▶

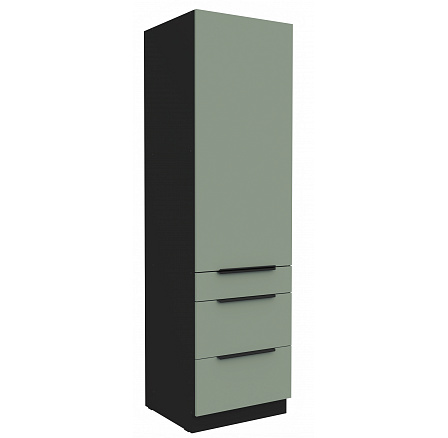 Kuchyňská skříň ARIA - 60 DKS-210 3S 1F, Černá/Aquamarine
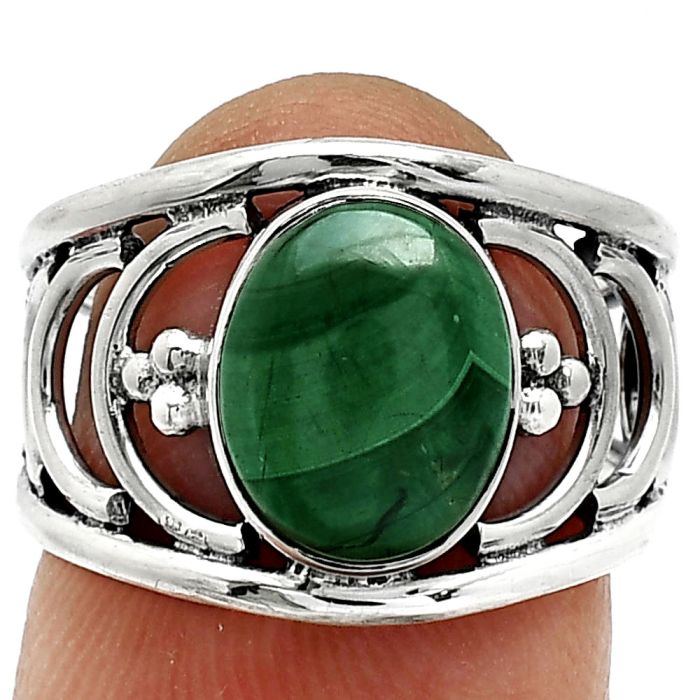 Malachite Eye Ring size-6 SDR243226 R-1379, 8x10 mm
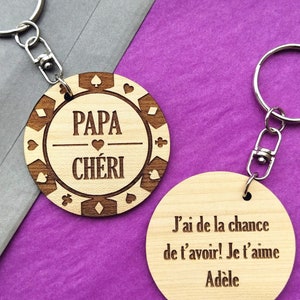Porte-clés bois personnalisé VOTRE TEXTE - jeton poker- Cadeau Fête des Pères papa
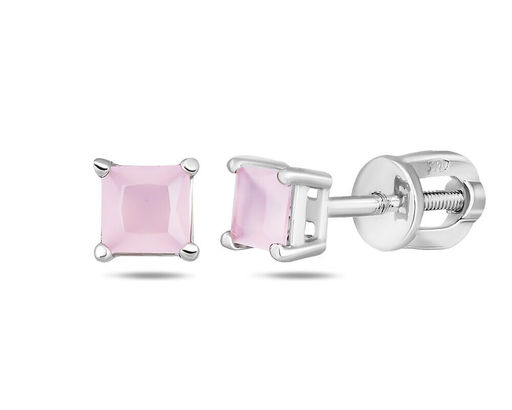 Серьги, розовый кварц, Ю-25002р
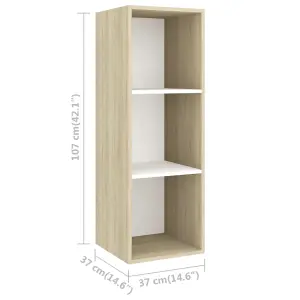 Berkfield 4 Piece TV Cabinet Set White and Sonoma Oak Engineered Wood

◀

Beginning at the line that contains "Porte-clés bois personnalisé", give the remaining lines of the records again exactly, through the last one. Leave out pictures.

Porte-clés bois personnalisé VOTRE TEXTE - jeton poker- Cadeau Fête des Pères papa
 Серьги, розовый кварц, Ю-25002р
 Berkfield 4 Piece TV Cabinet Set White and Sonoma Oak Engineered Wood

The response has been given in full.